Playing devils advocate here, but, can you cite me the article number that requires the wire to be continuous from rod to rod, for example if I've got 2 pieces of wire that won't be long enough to go panel rod rod then why can't I go panel to rod 1, then panel to rod 2?
Where does it say it has to go panel to rod to rod without a break? And why?

You are introducing two different situations here.
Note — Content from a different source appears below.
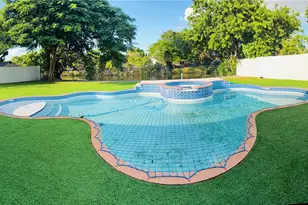 11835 SW 37th St, Miami, FL 33175 - Photo 14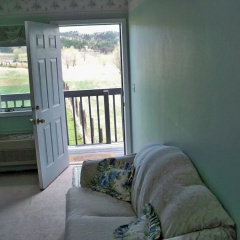 Sweetgrass Inn B&B thumbnail 7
First you say panel to rod 1 and panel to rod 2. In this situation, yes, two pieces I think can be used, so long as the run from the rod to the panel is uninterrupted or spliced with irreversible splice/exothermic weld.

In the second situation, you are saying, from panel to rod 1 then to rod 2. In this case, it would need to be one continuous wire, to keep from violating the rule for it being continuous from rod to panel.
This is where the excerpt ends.